In doing some experimenting and syscall tracing, I'm finding that output
produced right before the child process exits may not be read properly
by expect. For example, a failure in test 8 had this sequence of calls:

5123/1: 93.4088 write(7, "\n", 1) = 1
5313/1: 93.4088 read(0, "\n", 1024) = 1
5313/1: 93.4102
open("/var/krbsnap/autobuild-static/work-20030923.0842/krb5-current/src/kadmin/testing/krb5-test-root/kdb5.kadm5.lock",
O_RDWR|O_CREAT|O_EXCL, 0600) = 4
5313/1: 93.4109 write(1, " r e l e a s e d\n", 9) = 9
5313/1: 93.4113 llseek(4, 0, SEEK_CUR) = 0
5313/1: 93.4115 close(4) = 0
5313/1: 93.4121 _exit(0)
...
5123/1: 93.4283 poll(0xFFBFBAD0, 1, 60000) = 1
5123/1: fd=7 ev=POLLRDNORM|POLLRDBAND rev=POLLERR
5123/1: 93.4288 read(7, 0x000EEC20, 4096) Err#22 EINVAL

Here fd 7 had previously been used successfully for reading and writing
while the child process was alive. But after the process exits, the
output that had been sent is not available.

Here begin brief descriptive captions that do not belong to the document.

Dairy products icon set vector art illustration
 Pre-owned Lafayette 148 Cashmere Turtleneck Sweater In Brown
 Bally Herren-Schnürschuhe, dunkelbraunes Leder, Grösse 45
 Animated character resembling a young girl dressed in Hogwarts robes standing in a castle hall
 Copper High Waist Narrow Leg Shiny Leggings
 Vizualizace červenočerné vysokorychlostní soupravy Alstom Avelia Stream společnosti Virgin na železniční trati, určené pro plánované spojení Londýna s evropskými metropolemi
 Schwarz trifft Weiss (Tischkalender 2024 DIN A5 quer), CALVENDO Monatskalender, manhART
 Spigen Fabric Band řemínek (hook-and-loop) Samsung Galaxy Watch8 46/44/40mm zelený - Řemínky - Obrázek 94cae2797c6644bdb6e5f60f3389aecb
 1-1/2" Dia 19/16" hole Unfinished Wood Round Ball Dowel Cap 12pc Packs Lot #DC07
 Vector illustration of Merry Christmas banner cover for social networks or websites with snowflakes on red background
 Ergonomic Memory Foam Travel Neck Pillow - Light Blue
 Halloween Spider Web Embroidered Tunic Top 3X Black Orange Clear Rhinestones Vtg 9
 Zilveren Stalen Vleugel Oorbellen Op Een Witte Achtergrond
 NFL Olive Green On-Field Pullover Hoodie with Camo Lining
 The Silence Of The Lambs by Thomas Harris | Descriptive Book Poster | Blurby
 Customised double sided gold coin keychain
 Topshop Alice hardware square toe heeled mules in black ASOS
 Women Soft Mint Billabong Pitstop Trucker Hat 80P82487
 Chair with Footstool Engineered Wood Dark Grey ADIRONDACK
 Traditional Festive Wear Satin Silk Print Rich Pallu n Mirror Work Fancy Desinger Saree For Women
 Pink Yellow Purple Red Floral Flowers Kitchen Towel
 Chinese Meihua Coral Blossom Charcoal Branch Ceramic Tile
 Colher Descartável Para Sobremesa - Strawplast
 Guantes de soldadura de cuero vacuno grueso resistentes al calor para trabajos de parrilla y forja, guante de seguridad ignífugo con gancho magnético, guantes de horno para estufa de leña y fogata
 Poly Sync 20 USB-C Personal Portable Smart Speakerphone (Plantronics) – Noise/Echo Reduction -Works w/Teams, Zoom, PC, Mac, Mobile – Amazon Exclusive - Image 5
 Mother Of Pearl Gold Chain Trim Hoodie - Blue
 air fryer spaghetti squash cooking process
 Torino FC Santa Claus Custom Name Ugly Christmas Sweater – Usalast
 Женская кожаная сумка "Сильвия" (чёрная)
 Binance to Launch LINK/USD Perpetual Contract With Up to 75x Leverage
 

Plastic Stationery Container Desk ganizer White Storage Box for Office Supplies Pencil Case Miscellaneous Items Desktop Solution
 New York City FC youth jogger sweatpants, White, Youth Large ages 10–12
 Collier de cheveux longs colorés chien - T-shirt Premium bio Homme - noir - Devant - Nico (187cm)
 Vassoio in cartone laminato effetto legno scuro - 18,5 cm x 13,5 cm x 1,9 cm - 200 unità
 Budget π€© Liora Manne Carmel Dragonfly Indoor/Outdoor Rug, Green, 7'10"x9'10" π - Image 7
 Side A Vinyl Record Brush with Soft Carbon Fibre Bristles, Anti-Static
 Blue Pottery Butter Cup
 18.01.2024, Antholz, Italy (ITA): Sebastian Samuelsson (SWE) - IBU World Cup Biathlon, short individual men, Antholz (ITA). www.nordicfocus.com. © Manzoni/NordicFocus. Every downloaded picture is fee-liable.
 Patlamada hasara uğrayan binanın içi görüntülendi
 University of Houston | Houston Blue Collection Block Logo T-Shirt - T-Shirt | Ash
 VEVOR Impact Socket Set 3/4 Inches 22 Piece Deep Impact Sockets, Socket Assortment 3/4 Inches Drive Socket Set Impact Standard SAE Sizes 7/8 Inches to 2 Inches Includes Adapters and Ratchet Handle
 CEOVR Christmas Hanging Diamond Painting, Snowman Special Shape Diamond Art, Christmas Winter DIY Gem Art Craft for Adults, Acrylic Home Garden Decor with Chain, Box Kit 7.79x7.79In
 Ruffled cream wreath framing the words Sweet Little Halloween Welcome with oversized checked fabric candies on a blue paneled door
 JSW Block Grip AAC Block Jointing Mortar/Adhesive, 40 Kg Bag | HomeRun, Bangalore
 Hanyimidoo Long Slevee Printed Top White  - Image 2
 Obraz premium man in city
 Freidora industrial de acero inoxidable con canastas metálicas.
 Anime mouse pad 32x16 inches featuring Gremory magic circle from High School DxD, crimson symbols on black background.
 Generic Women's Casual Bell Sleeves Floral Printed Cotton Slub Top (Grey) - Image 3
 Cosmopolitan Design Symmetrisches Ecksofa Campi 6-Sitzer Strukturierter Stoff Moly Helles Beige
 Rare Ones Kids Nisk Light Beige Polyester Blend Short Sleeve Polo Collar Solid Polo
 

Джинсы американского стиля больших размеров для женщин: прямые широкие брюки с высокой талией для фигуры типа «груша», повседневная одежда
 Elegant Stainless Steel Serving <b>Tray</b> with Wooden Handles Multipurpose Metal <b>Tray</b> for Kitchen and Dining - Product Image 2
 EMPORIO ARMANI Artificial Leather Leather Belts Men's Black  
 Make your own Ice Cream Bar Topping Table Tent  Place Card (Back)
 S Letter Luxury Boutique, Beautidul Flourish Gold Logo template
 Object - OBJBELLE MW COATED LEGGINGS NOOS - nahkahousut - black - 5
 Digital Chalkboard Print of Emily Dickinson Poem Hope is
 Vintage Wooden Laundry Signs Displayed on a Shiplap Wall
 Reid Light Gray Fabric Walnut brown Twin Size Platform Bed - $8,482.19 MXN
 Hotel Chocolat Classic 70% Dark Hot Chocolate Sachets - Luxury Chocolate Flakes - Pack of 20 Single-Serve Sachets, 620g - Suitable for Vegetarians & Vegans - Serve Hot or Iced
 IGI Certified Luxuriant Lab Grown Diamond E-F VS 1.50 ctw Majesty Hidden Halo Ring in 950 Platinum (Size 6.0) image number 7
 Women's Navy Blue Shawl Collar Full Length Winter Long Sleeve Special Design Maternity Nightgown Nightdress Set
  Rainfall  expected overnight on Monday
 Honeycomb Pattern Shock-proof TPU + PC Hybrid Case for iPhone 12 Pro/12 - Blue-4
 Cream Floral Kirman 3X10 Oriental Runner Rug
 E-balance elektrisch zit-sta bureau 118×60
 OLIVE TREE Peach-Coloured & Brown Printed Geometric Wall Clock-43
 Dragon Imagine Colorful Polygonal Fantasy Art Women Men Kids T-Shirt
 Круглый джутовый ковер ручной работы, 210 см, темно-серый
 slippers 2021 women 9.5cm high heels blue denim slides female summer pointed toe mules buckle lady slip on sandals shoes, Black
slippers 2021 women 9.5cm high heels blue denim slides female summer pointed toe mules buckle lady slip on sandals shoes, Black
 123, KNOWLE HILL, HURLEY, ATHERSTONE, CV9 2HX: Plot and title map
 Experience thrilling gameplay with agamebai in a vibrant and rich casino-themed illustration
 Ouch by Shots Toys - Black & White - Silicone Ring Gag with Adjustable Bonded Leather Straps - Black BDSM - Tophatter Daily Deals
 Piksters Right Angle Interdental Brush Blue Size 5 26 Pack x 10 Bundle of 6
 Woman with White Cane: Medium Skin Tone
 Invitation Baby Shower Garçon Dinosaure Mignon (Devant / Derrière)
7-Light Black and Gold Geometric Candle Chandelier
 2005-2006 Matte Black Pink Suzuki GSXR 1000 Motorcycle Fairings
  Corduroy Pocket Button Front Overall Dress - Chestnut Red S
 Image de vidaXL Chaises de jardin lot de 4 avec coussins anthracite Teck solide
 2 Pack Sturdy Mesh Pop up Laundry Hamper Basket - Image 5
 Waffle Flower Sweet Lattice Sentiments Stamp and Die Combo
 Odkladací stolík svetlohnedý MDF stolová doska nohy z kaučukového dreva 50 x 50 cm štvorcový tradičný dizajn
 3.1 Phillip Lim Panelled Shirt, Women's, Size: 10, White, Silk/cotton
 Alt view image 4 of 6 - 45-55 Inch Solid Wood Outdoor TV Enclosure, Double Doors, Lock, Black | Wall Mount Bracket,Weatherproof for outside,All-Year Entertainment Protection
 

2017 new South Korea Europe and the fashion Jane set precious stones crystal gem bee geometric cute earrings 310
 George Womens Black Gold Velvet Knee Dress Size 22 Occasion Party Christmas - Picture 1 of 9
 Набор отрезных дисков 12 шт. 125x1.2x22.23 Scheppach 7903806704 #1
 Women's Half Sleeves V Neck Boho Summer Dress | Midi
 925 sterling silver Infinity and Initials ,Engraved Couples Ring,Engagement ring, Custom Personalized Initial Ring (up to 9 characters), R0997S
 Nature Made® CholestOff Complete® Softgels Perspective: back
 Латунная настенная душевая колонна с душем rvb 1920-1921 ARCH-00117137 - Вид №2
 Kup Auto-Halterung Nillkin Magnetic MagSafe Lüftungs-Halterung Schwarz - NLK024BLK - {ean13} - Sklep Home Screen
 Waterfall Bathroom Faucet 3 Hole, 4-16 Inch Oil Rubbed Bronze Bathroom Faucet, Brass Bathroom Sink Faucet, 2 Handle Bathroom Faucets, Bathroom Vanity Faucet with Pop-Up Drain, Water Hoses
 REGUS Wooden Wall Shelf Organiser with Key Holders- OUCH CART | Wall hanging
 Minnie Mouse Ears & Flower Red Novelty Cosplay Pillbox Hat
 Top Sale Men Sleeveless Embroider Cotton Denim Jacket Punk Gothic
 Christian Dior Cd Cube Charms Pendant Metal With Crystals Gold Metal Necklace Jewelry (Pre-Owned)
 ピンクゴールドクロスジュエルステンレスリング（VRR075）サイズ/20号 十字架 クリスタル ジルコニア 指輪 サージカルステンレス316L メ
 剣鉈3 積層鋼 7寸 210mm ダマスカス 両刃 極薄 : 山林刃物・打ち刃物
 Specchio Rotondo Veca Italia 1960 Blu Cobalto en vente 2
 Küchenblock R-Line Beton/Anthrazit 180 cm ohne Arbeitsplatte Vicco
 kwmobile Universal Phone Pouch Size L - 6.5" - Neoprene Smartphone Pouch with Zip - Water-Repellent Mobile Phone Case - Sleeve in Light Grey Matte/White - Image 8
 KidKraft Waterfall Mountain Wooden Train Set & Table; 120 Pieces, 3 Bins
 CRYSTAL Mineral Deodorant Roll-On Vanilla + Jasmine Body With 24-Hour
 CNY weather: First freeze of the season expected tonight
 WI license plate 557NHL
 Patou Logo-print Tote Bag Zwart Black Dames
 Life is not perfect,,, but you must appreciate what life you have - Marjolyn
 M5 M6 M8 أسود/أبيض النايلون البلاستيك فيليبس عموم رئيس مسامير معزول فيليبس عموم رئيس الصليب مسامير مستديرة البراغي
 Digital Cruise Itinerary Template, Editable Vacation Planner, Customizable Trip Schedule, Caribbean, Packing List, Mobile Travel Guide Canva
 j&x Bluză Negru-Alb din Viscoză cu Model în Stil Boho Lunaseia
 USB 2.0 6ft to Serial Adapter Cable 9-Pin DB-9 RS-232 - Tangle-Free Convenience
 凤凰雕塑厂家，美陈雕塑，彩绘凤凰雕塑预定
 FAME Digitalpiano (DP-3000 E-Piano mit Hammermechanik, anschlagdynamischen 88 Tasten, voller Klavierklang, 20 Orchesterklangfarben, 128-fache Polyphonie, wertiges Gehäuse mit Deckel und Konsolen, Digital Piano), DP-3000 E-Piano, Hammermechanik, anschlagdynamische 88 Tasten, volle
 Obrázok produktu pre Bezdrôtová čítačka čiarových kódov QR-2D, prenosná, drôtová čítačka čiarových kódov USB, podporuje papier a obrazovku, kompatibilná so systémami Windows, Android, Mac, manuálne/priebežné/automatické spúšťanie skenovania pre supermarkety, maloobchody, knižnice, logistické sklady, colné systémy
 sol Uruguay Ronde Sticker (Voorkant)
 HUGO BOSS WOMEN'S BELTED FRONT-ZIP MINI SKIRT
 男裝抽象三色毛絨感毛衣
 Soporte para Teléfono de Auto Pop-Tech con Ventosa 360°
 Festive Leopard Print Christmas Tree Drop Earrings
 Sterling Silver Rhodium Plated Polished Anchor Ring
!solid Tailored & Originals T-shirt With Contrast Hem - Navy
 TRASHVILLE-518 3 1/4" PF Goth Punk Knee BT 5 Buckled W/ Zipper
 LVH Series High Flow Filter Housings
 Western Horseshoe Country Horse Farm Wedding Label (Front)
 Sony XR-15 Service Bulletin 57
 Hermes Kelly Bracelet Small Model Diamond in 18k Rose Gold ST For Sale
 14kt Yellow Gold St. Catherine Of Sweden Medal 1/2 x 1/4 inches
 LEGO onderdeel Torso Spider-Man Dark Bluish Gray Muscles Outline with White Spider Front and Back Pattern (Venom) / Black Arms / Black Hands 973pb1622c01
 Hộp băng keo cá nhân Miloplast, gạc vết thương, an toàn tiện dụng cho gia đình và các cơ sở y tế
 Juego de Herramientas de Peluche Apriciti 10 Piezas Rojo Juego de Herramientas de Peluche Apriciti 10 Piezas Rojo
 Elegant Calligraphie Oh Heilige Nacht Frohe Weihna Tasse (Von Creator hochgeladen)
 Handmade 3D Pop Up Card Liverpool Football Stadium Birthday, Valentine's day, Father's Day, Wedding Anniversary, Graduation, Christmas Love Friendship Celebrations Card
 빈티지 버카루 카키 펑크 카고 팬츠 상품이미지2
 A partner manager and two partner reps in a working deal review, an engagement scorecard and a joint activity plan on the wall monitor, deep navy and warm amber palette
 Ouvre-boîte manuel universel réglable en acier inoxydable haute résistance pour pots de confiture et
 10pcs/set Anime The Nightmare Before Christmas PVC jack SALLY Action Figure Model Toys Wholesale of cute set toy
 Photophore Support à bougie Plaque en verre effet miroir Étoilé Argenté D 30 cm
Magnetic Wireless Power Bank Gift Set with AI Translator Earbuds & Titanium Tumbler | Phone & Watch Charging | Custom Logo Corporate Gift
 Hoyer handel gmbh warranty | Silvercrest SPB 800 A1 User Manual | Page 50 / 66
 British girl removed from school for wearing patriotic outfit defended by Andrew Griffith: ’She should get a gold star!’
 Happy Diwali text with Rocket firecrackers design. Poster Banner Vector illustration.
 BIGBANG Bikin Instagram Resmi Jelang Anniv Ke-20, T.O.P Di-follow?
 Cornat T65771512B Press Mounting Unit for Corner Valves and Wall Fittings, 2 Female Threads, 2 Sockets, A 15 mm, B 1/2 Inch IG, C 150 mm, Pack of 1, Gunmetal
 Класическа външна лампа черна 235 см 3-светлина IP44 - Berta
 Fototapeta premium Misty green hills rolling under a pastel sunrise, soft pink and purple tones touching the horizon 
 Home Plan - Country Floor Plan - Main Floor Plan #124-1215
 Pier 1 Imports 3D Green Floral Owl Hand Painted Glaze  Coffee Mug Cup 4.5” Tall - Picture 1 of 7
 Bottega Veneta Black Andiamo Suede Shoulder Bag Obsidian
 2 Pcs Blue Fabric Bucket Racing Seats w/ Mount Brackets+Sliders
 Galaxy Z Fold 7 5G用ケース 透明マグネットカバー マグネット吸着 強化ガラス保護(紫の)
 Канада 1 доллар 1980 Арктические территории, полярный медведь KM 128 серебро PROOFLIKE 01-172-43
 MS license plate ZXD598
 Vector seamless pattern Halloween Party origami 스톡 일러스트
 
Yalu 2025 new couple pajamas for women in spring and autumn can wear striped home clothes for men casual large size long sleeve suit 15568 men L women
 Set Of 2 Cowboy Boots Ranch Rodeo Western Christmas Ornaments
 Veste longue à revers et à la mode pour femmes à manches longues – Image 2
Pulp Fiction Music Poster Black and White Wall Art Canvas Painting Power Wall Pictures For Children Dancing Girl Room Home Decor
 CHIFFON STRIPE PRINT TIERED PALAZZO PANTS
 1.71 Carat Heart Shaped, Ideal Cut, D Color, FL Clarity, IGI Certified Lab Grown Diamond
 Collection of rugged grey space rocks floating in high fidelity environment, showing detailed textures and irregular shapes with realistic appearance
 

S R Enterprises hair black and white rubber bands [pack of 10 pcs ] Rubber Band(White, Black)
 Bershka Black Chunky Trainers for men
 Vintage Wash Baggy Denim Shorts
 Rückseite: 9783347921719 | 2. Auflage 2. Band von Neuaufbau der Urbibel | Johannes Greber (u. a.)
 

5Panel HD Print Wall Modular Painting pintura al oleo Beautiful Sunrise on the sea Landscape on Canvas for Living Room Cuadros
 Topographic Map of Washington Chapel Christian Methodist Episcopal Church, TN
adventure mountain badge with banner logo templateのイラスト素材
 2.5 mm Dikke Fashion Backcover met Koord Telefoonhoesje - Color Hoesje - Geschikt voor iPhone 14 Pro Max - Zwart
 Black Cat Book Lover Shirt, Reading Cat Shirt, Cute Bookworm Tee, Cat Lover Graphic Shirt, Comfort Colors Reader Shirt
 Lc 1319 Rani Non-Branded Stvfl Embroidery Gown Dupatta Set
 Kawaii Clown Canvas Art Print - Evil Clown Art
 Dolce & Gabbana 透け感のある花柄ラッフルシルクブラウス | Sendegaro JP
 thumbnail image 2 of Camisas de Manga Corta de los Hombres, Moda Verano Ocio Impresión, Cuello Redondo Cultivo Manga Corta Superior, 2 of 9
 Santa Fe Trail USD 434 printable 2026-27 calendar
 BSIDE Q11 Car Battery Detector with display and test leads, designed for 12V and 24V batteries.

This behavior *could* be new to (running the tests on) Solaris 9.
Oh yes: If I put a sleep(1) call just before the exit call in
lock-test.c, all the tests succeed, supporting the notion that it's a
timing issue relating to closing the pty and having the parent read the
pending data. But adding the sleep call doesn't fix the real problem,
it just hides it.
To: rt@krbdev.mit.edu
Subject: Re: [krbdev.mit.edu #1792] sparc-solaris9 nightly build test failures: kadm5 api
From: Tom Yu <tlyu@mit.edu>
Date: Wed, 24 Sep 2003 13:56:34 -0400
RT-Send-Cc:
Show quoted text
>>>>> "Ken" == Ken Raeburn via RT <rt-comment@krbdev.mit.edu> writes:

Show quoted text
Ken> This behavior *could* be new to (running the tests on) Solaris 9.

I just updated my machine to Solaris 9, and am seeing the same
failures, using expect-5.38.0. I may try updating my expect
installation later, just to be sure. A expect script that just has a
tight loop spawning echo and expecting on its output reveals similar
behavior, so it's either an expect bug or a Solaris 9 kernel bug.

---Tom
To: rt-comment@krbdev.mit.edu
Subject: Re: [krbdev.mit.edu #1792] sparc-solaris9 nightly build test failures: kadm5 api
From: Ken Raeburn <raeburn@MIT.EDU>
Date: Thu, 25 Sep 2003 17:40:35 -0400
RT-Send-Cc:
"Tom Yu via RT" <rt-comment@krbdev.mit.edu> writes:
Show quoted text
> I just updated my machine to Solaris 9, and am seeing the same
> failures, using expect-5.38.0. I may try updating my expect
> installation later, just to be sure. A expect script that just has a
> tight loop spawning echo and expecting on its output reveals similar
> behavior, so it's either an expect bug or a Solaris 9 kernel bug.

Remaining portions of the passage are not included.